Copy nothing but the lines from the one containing "Calça Skinny em" through the last line of the entries below, exactly as written and without pictures.

[THE INPUT]

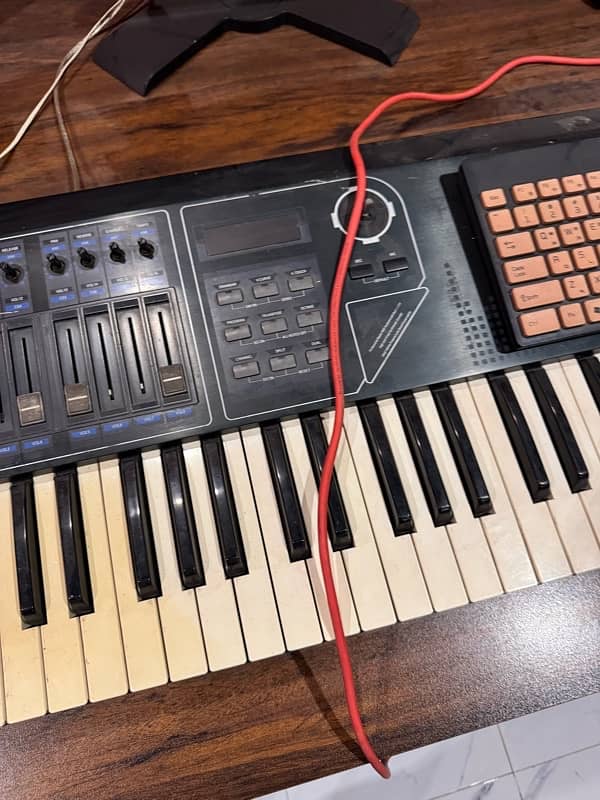 CME studio midi, midi keyboard, all option midi piano, studio piano 1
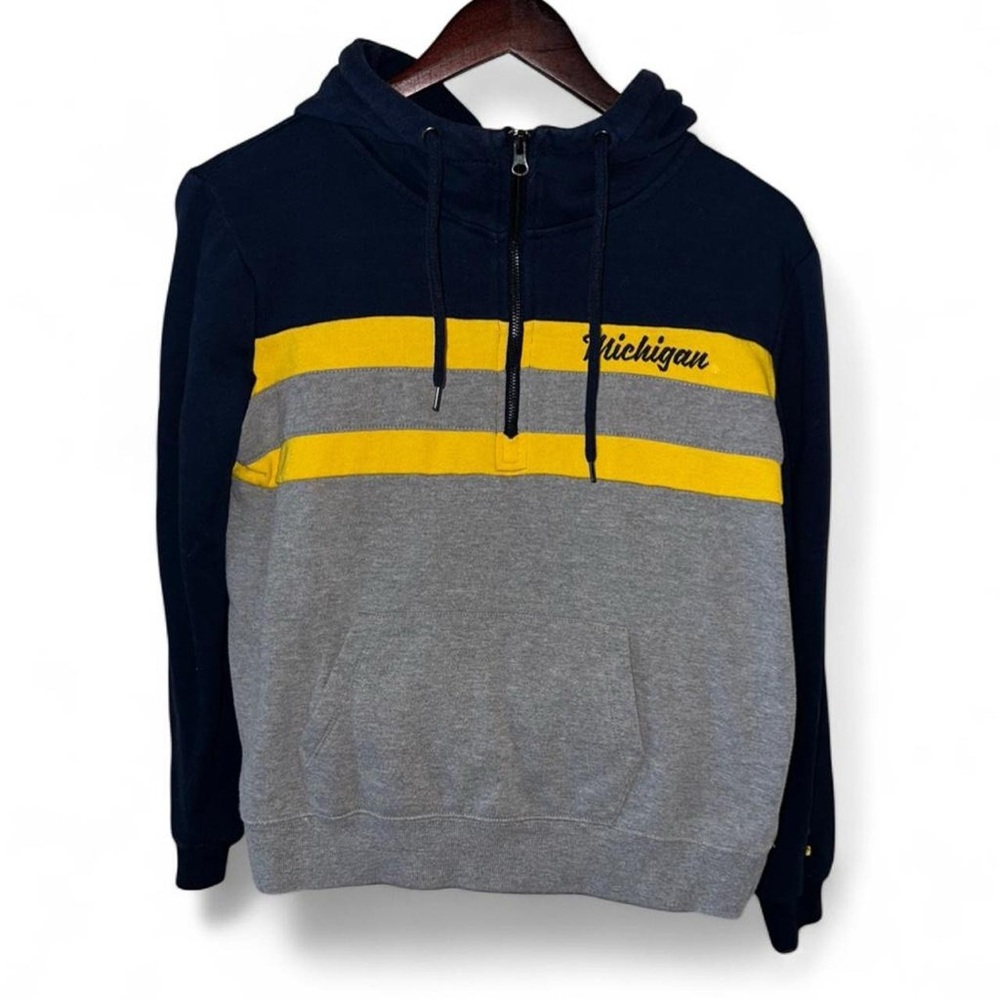Michigan Wolverines navy blue quarter zip hoodie Size M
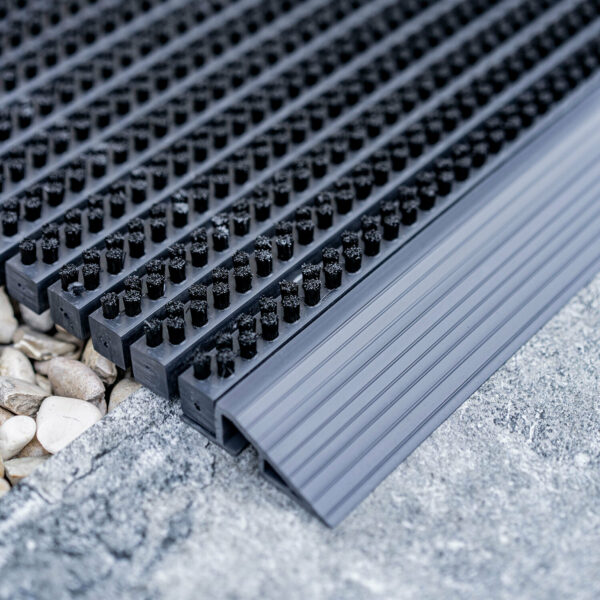 fussmatte-outline-schwarz-detail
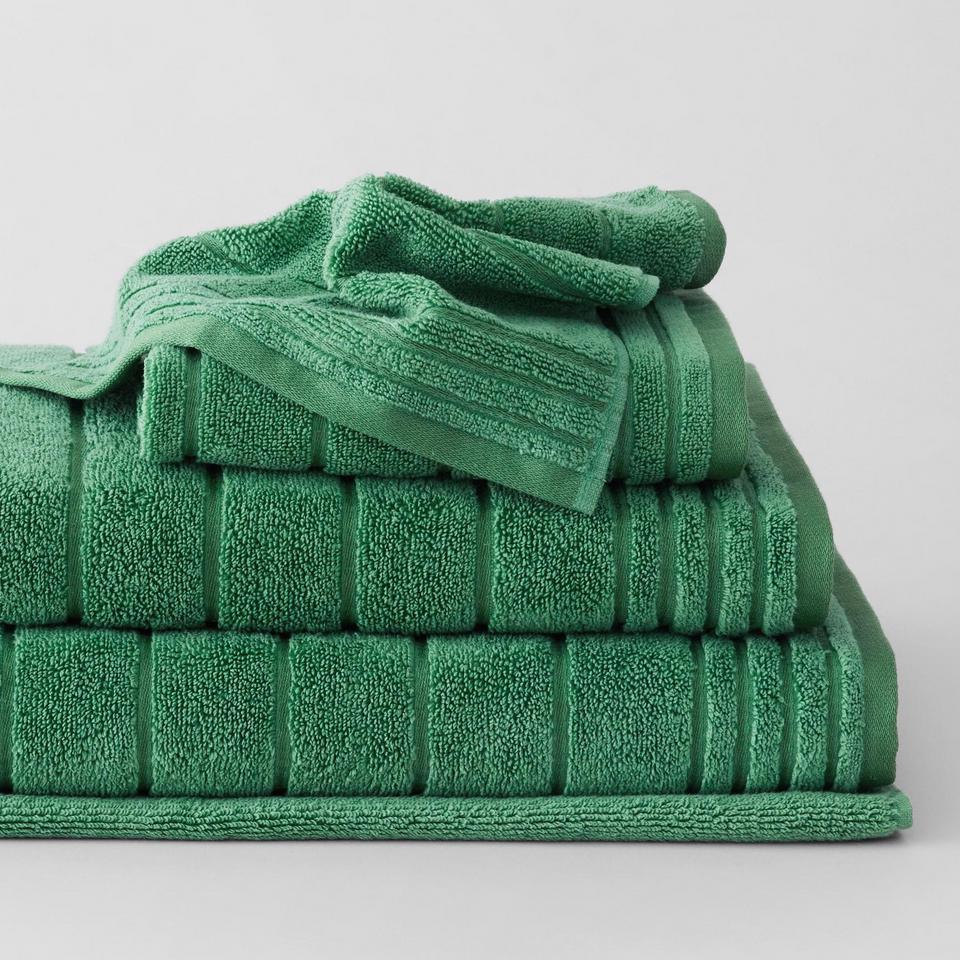 Orson_Forest_5-Stack-Towel-Collection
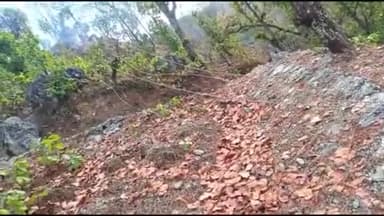 चम्पावत: आंधी तूफान आने से खटोली क्षेत्र में विद्युत लाइन हुई क्षतिग्रस्त, ऊर्जा निगम की ओर से आपूर्ति हुई सुचारू #Jansamasya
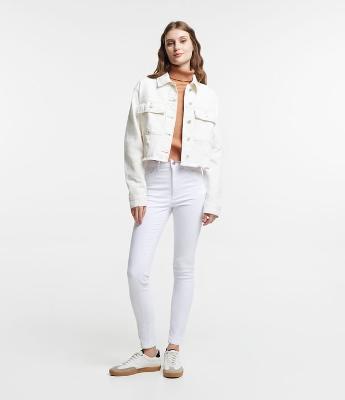 Calça Skinny em Sarja com Cintura Média e Bolsos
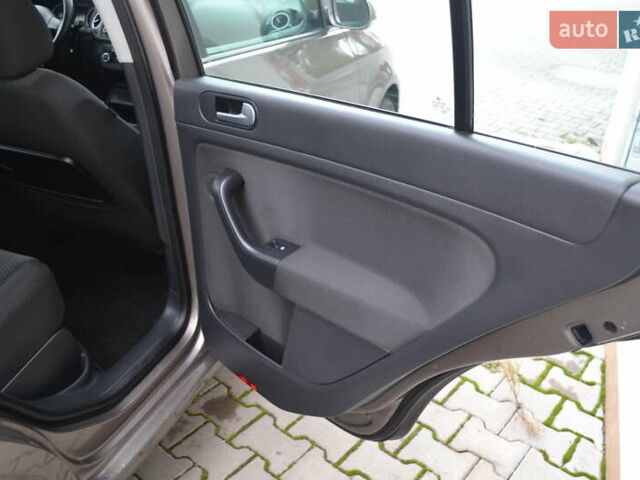 Коричневый Фольксваген Гольф Плюс, объемом двигателя 1.6 л и пробегом 183 тыс. км за 9200 $, фото 24 на Automoto.ua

[/THE INPUT]

◆ YOUR SOLUTION:
 Calça Skinny em Sarja com Cintura Média e Bolsos
 Коричневый Фольксваген Гольф Плюс, объемом двигателя 1.6 л и пробегом 183 тыс. км за 9200 $, фото 24 на Automoto.ua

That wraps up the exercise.